WHAT YOU ARE ASKED TO DO:
What is expected is a word-for-word copy of all the entries.

(Excerpts from a dataset)
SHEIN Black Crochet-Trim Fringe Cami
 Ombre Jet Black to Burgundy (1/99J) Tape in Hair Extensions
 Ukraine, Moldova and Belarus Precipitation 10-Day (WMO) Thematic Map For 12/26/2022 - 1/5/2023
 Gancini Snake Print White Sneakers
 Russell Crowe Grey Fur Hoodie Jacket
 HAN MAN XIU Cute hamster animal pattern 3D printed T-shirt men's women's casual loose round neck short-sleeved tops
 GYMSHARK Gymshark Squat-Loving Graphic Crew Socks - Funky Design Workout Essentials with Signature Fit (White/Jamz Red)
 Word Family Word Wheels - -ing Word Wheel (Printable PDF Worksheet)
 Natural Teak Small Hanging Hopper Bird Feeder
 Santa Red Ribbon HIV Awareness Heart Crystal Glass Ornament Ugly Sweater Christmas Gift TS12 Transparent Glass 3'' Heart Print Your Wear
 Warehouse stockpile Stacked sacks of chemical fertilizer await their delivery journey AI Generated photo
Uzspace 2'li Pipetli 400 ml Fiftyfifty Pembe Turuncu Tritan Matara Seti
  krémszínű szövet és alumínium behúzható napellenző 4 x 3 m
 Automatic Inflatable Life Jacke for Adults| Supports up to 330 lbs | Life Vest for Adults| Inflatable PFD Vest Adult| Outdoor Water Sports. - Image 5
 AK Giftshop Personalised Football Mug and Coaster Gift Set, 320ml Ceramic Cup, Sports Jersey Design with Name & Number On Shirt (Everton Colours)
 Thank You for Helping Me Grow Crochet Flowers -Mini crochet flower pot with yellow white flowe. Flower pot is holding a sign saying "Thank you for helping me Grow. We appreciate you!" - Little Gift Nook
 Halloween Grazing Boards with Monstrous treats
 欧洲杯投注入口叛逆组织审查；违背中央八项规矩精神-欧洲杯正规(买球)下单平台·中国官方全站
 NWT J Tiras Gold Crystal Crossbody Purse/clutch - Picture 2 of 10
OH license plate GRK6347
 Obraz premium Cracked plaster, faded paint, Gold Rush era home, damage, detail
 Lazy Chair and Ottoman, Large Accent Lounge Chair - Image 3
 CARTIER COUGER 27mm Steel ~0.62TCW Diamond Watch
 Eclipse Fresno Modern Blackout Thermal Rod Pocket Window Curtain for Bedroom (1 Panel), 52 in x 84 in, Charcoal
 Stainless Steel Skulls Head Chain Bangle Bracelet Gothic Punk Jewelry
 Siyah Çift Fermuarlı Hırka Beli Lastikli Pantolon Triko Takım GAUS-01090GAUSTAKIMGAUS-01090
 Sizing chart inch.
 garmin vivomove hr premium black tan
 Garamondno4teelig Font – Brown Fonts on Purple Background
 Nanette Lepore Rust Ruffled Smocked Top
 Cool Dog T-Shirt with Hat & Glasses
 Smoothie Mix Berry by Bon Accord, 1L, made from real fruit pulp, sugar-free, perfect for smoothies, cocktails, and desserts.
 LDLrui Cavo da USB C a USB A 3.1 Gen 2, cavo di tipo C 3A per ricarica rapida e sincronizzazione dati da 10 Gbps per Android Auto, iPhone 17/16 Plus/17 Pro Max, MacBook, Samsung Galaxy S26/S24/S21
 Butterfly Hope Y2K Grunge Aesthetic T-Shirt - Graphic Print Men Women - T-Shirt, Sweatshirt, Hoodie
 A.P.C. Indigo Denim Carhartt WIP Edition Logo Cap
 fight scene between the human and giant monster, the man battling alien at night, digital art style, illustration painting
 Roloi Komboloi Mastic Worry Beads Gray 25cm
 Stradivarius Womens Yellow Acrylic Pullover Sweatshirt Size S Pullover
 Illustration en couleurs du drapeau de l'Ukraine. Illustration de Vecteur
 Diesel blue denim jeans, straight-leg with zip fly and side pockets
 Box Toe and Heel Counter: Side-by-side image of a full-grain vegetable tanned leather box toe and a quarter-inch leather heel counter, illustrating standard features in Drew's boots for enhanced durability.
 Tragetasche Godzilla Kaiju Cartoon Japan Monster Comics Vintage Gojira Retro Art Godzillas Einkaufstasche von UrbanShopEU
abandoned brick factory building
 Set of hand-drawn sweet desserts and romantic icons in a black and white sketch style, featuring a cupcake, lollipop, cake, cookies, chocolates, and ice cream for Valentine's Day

RESPONSE:
SHEIN Black Crochet-Trim Fringe Cami
 Ombre Jet Black to Burgundy (1/99J) Tape in Hair Extensions
 Ukraine, Moldova and Belarus Precipitation 10-Day (WMO) Thematic Map For 12/26/2022 - 1/5/2023
 Gancini Snake Print White Sneakers
 Russell Crowe Grey Fur Hoodie Jacket
 HAN MAN XIU Cute hamster animal pattern 3D printed T-shirt men's women's casual loose round neck short-sleeved tops
 GYMSHARK Gymshark Squat-Loving Graphic Crew Socks - Funky Design Workout Essentials with Signature Fit (White/Jamz Red)
 Word Family Word Wheels - -ing Word Wheel (Printable PDF Worksheet)
 Natural Teak Small Hanging Hopper Bird Feeder
 Santa Red Ribbon HIV Awareness Heart Crystal Glass Ornament Ugly Sweater Christmas Gift TS12 Transparent Glass 3'' Heart Print Your Wear
 Warehouse stockpile Stacked sacks of chemical fertilizer await their delivery journey AI Generated photo
Uzspace 2'li Pipetli 400 ml Fiftyfifty Pembe Turuncu Tritan Matara Seti
  krémszínű szövet és alumínium behúzható napellenző 4 x 3 m
 Automatic Inflatable Life Jacke for Adults| Supports up to 330 lbs | Life Vest for Adults| Inflatable PFD Vest Adult| Outdoor Water Sports. - Image 5
 AK Giftshop Personalised Football Mug and Coaster Gift Set, 320ml Ceramic Cup, Sports Jersey Design with Name & Number On Shirt (Everton Colours)
 Thank You for Helping Me Grow Crochet Flowers -Mini crochet flower pot with yellow white flowe. Flower pot is holding a sign saying "Thank you for helping me Grow. We appreciate you!" - Little Gift Nook
 Halloween Grazing Boards with Monstrous treats
 欧洲杯投注入口叛逆组织审查；违背中央八项规矩精神-欧洲杯正规(买球)下单平台·中国官方全站
 NWT J Tiras Gold Crystal Crossbody Purse/clutch - Picture 2 of 10
OH license plate GRK6347
 Obraz premium Cracked plaster, faded paint, Gold Rush era home, damage, detail
 Lazy Chair and Ottoman, Large Accent Lounge Chair - Image 3
 CARTIER COUGER 27mm Steel ~0.62TCW Diamond Watch
 Eclipse Fresno Modern Blackout Thermal Rod Pocket Window Curtain for Bedroom (1 Panel), 52 in x 84 in, Charcoal
 Stainless Steel Skulls Head Chain Bangle Bracelet Gothic Punk Jewelry
 Siyah Çift Fermuarlı Hırka Beli Lastikli Pantolon Triko Takım GAUS-01090GAUSTAKIMGAUS-01090
 Sizing chart inch.
 garmin vivomove hr premium black tan
 Garamondno4teelig Font – Brown Fonts on Purple Background
 Nanette Lepore Rust Ruffled Smocked Top
 Cool Dog T-Shirt with Hat & Glasses
 Smoothie Mix Berry by Bon Accord, 1L, made from real fruit pulp, sugar-free, perfect for smoothies, cocktails, and desserts.
 LDLrui Cavo da USB C a USB A 3.1 Gen 2, cavo di tipo C 3A per ricarica rapida e sincronizzazione dati da 10 Gbps per Android Auto, iPhone 17/16 Plus/17 Pro Max, MacBook, Samsung Galaxy S26/S24/S21
 Butterfly Hope Y2K Grunge Aesthetic T-Shirt - Graphic Print Men Women - T-Shirt, Sweatshirt, Hoodie
 A.P.C. Indigo Denim Carhartt WIP Edition Logo Cap
 fight scene between the human and giant monster, the man battling alien at night, digital art style, illustration painting
 Roloi Komboloi Mastic Worry Beads Gray 25cm
 Stradivarius Womens Yellow Acrylic Pullover Sweatshirt Size S Pullover
 Illustration en couleurs du drapeau de l'Ukraine. Illustration de Vecteur
 Diesel blue denim jeans, straight-leg with zip fly and side pockets
 Box Toe and Heel Counter: Side-by-side image of a full-grain vegetable tanned leather box toe and a quarter-inch leather heel counter, illustrating standard features in Drew's boots for enhanced durability.
 Tragetasche Godzilla Kaiju Cartoon Japan Monster Comics Vintage Gojira Retro Art Godzillas Einkaufstasche von UrbanShopEU
abandoned brick factory building
 Set of hand-drawn sweet desserts and romantic icons in a black and white sketch style, featuring a cupcake, lollipop, cake, cookies, chocolates, and ice cream for Valentine's Day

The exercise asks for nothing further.